Pauline a laissé une lettre avant son terrible geste. Le Parquet a infirmé les rumeurs selon lesquelles l'adolescente y faisait état de violences scolaires: "C'est une lettre d'amour, d'adieu, essentiellement, mais il n'y a pas de mise en cause directe dans ce courrier". Plusieurs membres de l'entourage familial ont fait état de problèmes relationnels entre l'adolescente et d'autres élèves du collège. "Des élèves la traitaient de moche et de garçon manqué", expliquent des élèves interrogés par les médias. La mère de l'adolescente a affirmé mercredi que sa fille avait commis ce geste car elle était "harcelée" par des camarades au collège.
 
Le collège n'a "jamais eu de retour" indiquant qu'elle était victime d'"agression", dit le rectorat. "A notre connaissance, c'était une élève qui n'était pas victime de harcèlement", a confirmé à l'AFP Pascal Decaix, le principal du collège. Selon lui, Pauline ne s'est jamais plainte de harcèlement ou de violences auprès de l'encadrement.

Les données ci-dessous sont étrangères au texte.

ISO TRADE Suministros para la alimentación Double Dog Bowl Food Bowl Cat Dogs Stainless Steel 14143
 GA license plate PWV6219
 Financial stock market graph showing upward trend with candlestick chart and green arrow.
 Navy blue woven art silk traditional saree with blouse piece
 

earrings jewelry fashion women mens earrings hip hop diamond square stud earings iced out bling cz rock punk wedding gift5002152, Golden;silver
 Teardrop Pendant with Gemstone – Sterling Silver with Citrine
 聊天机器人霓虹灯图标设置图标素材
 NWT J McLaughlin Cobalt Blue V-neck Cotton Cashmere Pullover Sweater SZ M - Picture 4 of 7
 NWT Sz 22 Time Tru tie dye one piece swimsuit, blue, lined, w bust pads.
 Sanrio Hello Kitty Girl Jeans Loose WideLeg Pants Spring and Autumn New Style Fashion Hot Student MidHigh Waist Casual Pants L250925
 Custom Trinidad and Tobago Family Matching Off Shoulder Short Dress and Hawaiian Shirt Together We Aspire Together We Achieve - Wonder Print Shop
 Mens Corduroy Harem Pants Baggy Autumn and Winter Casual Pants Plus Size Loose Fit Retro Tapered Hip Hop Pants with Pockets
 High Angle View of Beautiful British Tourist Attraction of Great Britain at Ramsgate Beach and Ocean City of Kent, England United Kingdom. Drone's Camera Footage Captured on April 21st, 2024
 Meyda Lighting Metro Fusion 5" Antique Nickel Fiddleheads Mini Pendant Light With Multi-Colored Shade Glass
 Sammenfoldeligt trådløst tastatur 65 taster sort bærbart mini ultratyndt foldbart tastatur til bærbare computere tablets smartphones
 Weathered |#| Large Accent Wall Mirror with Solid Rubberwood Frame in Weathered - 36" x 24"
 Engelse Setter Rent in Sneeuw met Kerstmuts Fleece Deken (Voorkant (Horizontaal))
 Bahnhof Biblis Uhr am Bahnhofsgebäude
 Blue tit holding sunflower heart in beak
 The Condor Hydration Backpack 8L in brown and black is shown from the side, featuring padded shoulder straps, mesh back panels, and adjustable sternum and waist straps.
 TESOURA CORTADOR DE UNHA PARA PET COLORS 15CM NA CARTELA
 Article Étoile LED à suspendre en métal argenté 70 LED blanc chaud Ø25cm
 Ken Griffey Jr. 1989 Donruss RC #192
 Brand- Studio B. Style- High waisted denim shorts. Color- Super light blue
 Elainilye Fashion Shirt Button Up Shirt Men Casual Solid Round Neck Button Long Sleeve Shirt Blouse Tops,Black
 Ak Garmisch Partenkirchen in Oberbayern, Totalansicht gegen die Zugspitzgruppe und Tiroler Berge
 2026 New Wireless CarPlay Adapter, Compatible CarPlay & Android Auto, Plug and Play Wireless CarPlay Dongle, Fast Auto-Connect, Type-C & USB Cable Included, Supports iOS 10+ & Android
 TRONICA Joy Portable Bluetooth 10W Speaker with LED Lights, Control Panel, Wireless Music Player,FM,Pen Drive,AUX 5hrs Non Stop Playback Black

Il avait rencontré la mère de l'adolescente début décembre, laquelle n'avait pas évoqué de plainte de cet ordre. Au Parisien, Pascal Decaix précise cependant qu'il avait convoqué les parents après "avoir détecté un mal être" chez elle. "Des informations m'avaient été communiquées qui nécessitaient d'informer urgemment la famille", justifie le principal ne précisant pas quel type d'informations. La jeune fille avait selon lui "des résultats honorables mais perfectibles" et était suivie par une assistante sociale, comme d'autres élèves de l'établissement.
 
Une cellule psychologique a été ouverte dans le collège. L'établissement, qui se trouve en ZEP, n'est pas considéré par le rectorat comme un établissement facile, "sans qu'il y ait pour autant de phénomènes de violence plus exacerbés" que dans d'autres établissements. La fillette, ses parents et ses deux petits frères habitaient depuis 2004 dans un quartier pavillonnaire, constitué de petites maisons de briques rouges, au coeur de la commune d'environ 3.000 habitants. L'enquête a été confiée à la sûreté départementale du Pas-de-Calais.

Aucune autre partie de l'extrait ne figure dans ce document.